Musician's love of organ not just a pipe dream

December 04, 1998

Rick MorrisonBy KERRY LYNN FRALEY / Staff Writer

photo: RICHARD T. MEAGHER / staff photographer

SHARPSBURG - Pipe organs have been a big part of Rick Morrison's life since his college days.

It was as a student at Shepherd College in Shepherdstown, W.Va., that Morrison, a Sharpsburg native, began learning to play the organ.

It's also when he started working summers at M.P. Moller Inc. pipe organ company, where he later mastered the technical skills he uses in his own company, Eastern Organ Pipes.

For 21 years, until the business demanded too much of his time, he was the regular organist at Trinity Episcopal Church in Shepherdstown.


While he enjoyed putting together a program of carols for the annual Christmas Eve church service, it took a lot of work and left him drained for the holiday, he said.

It was nice to be asked to do a program like that earlier in the holiday season, said Morrison, who will perform many of his favorite Christmas carols Saturday afternoon at Christ Reformed Church in Sharpsburg.

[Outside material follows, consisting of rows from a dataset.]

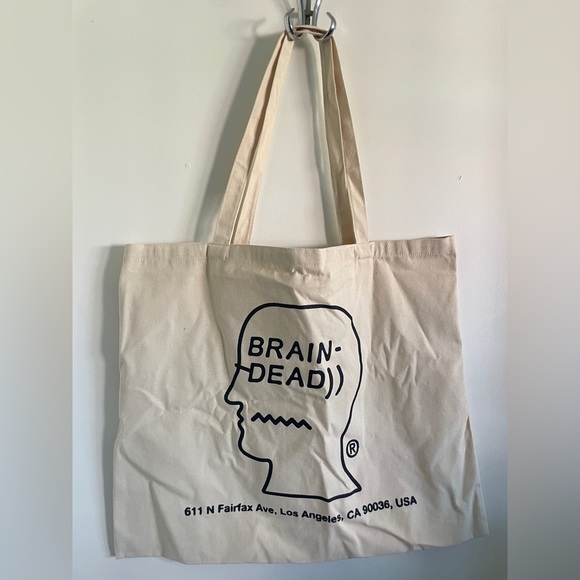 NEW Brain dead fabrications Sunset Chaos Design Beige ivory cream LARGE tote bag - Picture 2 of 3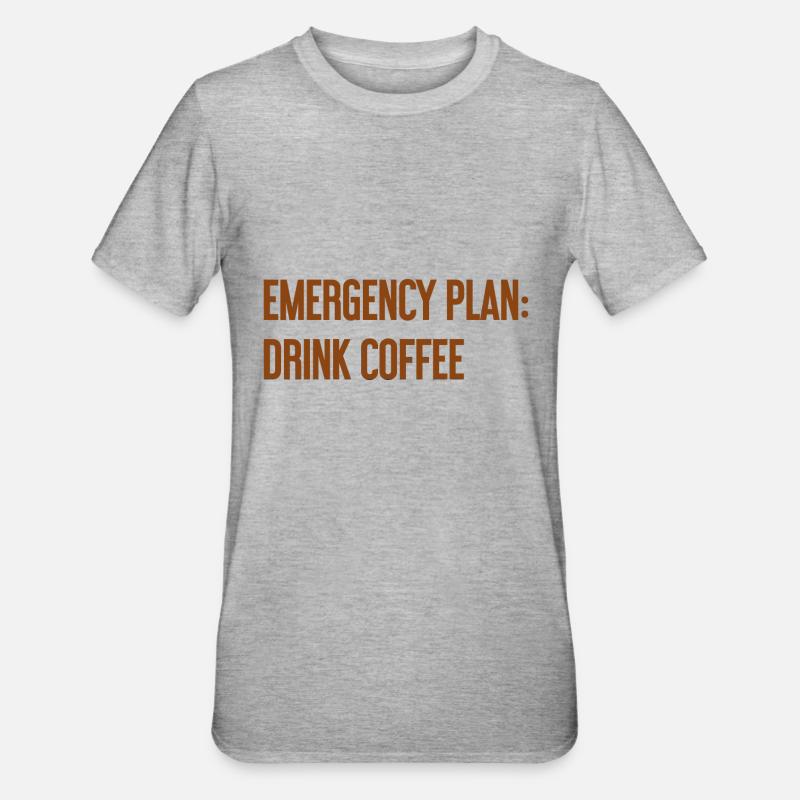 Kaffee-Notfallplan - Unisex Polycotton T-Shirt - Grau meliert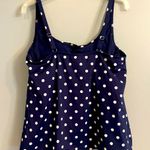Land’s End Navy Polka Dot Tankini Swimsuit Top Blue Size 12 Photo 2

Among the seasonal selections will be "Angels We Have Heard on High," "Joy to the World," "It Came Upon a Midnight Clear," "Away in a Manger" and "Hark the Herald Angels Sing," he said.

This is the first year that Morrison will be the organist for the annual caroling event, sponsored by the Sharpsburg Heritage Festival.

Christ Reformed Christ and Keedysville's Mt. Vernon Reformed are co-sponsors.

The event, open to the public, will start at 3 p.m.

For many, it will be a prelude to the annual illumination of nearby Antietam National Battlefield, which begins at 5 p.m.

Although he's no longer the regular organist at a church, Morrison plays at churches in Maryland and West Virginia.

He plays once a month at Christ Reformed Church in Sharpsburg, which doesn't have a regular organist, he said.

Morrison's love for the instrument was cultivated in his youth by the organ at St. Peter's Lutheran Church in Shepherdstown, where he sang in the choir.

"I just was fascinated by the sound of it," said Morrison, who took piano lessons in his youth.

He didn't start out majoring in music at Shepherd College, but when the opportunity to study the instrument presented itself, he decided to take it, he said.

In those days, the school used the Shepherdstown Presbyterian Church for lessons, Morrison said.

It also worked out an arrangement so students could practice there, he said.

But Morrison practiced mostly at St. Peter's, where he has been a member all of his life.

Playing the organ is different from playing the piano, said Morrison, who said he got used to the handwork before adding pedal.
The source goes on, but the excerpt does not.